On a media tour of some of the roads being patched and resurfaced for use as access points to Sabina Park, the mayor said that his office had been getting queries, including one from a senior official of the Ministry of Health.
The mayor made it clear that any relocation of street people would have to be structured, and should be done on a permanent basis.
“It can’t be done overnight,” he remarked.
Asked if there were other agencies, apart from the KSAC, that have the jurisdiction to remove street people, McKenzie replied:
“I don’t care if there is another agency that has jurisdiction; I’m saying it can’t happen. I will not allow it to happen.
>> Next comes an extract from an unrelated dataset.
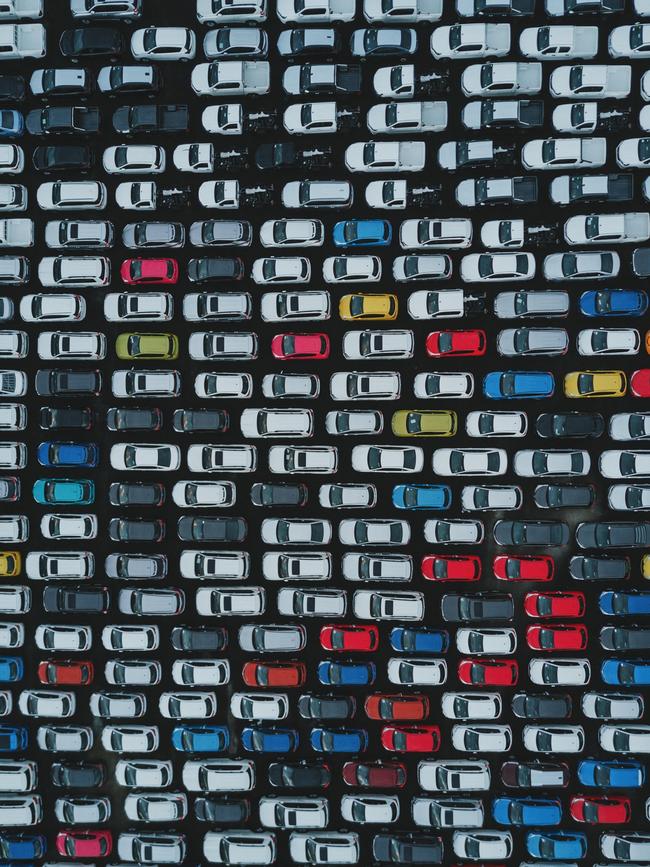 Aerial photograph of Kiama’s Car Import Holding Yard. South Coast of NSW. Picture: @Itchban/ Supplied.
We will not allow people to gather up human beings like cattle and dump them into some unknown area. I’m going to fight against this vigorously if that is on the drawing board.”
McKenzie said that there were more that 300 street people in Downtown Kingston.
On July 15, 1999, in an event which came to be known as the Montego Bay street people scandal, some 30 of that city’s homeless and mentally ill were transported before daybreak to a mudlake in St Elizabeth and abandoned there.